Why do children still leave school? While poverty is often cited as the primary reason, our on-the-ground experience reveals a deeper, more complex layer: Parental Behavior.
For a child to succeed, the school’s infrastructure is not enough; the “infrastructure of the home” must also be strong. This doesn’t mean having a rich home; it means having a supportive one. “Parent Good Behavior Change” is about shifting caregivers’ mindset from viewing education as a burden or a “government responsibility” to seeing it as the single most important investment they can make in their family’s future.
This blog post explores why changing parental behavior is the missing link in the education chain and how targeted interventions are helping parents in Rwanda become the champions of their children’s learning.
The Mindset Shift: From Child Labor to Child Learning
In many rural districts, parents face a harsh economic trade-off. A 12-year-old child is strong enough to work in a rice field, carry water, or look after cattle. In the short term, this labor brings immediate relief to the household. In the long term, however, it traps the family in a cycle of poverty.
“Good Behavior Change” requires parents to make a difficult but necessary strategic decision: Sacrifice the short-term help for the long-term gain.
This shift involves three critical behavioral changes:
- Valuing Attendance Over Labor: Parents must resist the temptation to pull children out of school during harvest seasons or market days.
- Active Engagement: It is no longer enough to just pay fees (or send the child to fee-free schools). Good behavior means checking homework, attending General Assembly meetings, and asking the child, “What did you learn today?”
- Inclusivity at Home: For parents of children with disabilities, good behavior means overcoming stigma. It means refusing to hide the child at home and instead fighting for their right to sit in a classroom alongside their peers.

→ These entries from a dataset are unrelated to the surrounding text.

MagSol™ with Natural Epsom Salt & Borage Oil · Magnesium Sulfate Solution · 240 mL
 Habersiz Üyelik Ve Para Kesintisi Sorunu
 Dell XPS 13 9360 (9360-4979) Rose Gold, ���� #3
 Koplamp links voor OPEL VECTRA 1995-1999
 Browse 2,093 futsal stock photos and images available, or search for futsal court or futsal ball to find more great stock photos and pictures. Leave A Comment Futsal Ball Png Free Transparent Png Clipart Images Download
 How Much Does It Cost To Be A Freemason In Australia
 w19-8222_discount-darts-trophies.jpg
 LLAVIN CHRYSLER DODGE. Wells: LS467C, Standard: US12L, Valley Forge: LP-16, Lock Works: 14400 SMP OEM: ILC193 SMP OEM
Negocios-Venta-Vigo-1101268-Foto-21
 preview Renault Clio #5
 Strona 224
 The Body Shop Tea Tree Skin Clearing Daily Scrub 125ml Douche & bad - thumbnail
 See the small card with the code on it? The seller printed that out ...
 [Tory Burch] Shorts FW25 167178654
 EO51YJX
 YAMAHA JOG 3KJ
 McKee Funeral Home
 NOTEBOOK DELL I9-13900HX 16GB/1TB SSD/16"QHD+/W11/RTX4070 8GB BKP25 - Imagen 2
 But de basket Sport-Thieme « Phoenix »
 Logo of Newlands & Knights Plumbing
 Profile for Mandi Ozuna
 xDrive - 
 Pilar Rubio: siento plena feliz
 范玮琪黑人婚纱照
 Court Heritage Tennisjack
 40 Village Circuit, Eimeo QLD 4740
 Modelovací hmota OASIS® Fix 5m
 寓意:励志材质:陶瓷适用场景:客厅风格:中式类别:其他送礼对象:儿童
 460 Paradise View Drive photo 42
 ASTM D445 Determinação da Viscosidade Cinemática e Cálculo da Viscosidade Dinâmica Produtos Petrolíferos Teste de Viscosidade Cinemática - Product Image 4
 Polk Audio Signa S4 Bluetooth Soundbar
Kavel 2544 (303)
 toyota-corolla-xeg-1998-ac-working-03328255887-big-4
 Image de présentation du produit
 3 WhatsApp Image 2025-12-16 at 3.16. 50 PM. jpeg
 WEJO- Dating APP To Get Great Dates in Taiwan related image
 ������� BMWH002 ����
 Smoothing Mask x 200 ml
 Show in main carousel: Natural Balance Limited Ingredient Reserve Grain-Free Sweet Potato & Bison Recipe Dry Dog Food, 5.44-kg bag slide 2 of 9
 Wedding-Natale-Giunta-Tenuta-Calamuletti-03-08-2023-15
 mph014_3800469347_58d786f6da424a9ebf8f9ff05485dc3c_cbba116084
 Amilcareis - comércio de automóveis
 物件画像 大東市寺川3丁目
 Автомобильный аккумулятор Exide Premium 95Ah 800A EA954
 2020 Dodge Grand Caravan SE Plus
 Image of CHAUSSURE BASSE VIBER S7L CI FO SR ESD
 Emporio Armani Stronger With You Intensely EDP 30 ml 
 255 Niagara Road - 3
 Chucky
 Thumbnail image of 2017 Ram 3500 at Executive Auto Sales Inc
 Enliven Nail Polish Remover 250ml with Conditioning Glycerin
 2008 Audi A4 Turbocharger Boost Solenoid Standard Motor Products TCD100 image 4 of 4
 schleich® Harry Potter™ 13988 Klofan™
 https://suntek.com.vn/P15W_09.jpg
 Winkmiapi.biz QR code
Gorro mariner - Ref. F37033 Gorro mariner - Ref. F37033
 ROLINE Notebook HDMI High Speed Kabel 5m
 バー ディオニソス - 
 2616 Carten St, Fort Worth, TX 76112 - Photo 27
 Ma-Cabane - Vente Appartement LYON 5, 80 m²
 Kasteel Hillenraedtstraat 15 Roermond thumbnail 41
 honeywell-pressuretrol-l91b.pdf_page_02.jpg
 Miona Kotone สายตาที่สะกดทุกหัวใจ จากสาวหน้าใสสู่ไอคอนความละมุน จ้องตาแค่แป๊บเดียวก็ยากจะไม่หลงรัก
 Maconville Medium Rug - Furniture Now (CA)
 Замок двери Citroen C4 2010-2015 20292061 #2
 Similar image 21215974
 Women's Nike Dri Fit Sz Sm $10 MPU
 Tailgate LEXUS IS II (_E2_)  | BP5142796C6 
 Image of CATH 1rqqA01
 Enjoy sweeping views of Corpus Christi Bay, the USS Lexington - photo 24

RODI’s Contribution: The LIFT Project in Rusizi
At the Rwanda Organization for Development Initiatives (RODI), we are tackling this challenge head-on in one of the districts with the greatest need: Rusizi.
Through the Learning and Inclusion for Transformation (LIFT) project, implemented in a powerful consortium with ADEPE and UPHLS, we are working to identify, enroll, and retain Out-of-School Children. But we know that we cannot simply put a child in a classroom and walk away. If we do not change the home environment, the child will drop out again within months.
Here is how we are driving Parent Good Behavior Change through LIFT:
1. Addressing the Root Causes with Parents
In Rusizi, many children drop out to work in cross-border trade or agriculture. Our Community Mentors and social workers engage directly with parents to challenge this logic.
- We conduct household sensitization campaigns, sitting down with parents to calculate the “cost” of dropout. We show them that the money a child earns selling avocados today is a fraction of what they could earn with a secondary education tomorrow.
- This dialogue is essential for the 542 children we have successfully supported to go back to School (reintegrating into formal education). These reintegrations were only possible because the parents agreed to a “behavior contract”—committing to keep the child in class.
2. Alternative Pathways for Older Youth
For children who have been out of school for too long to join Primary 1, we offer Alternative Learning Pathways (ALP).
- We currently support 974 children in these ALP centers.
- Parental Role: For these students, parental support is even more critical. Many of these youth feel “too old” for school. We work with parents to rebuild the child’s confidence, ensuring they provide the emotional support needed for the youth to stick with the accelerated learning program.
3. Inclusion: Partnering with UPHLS
A major part of our behavior change work focuses on disability. Working with our partner UPHLS, we identify children with disabilities who are hidden at home.
- The Shift: We work with parents to move from “shame” to “advocacy.” We help them understand that their child has a right to learn. By providing the necessary assistive devices and school materials, we remove the physical barriers, but it is the parent’s change of heart that removes the social barrier.
4. Economic Strengthening with ADEPE
We recognize that sometimes, “bad behavior” is just desperation. A parent sends a child to work because there is no food.
- Through our consortium partner ADEPE, we link these vulnerable families to social protection and livelihood opportunities. By stabilizing the family’s economy, we make it “easier” for the parent to adopt the “good behavior” of sending the child to school.
Conclusion: The First Teacher is the Parent
In 2026, the most important desk in Rwanda is not in a classroom; it is the kitchen table where a parent encourages their child to do homework.
The success of the LIFT project in Rusizi—with nearly 1,000 children in ALP and over 500 returning to formal school—proves that parents can change. When they are supported, respected, and shown the value of education, they become the fiercest protectors of their children’s future.
At RODI, alongside our partners ADEPE and UPHLS, we remain committed to this journey. We are not just getting children back to school; we are bringing parents back to the heart of education.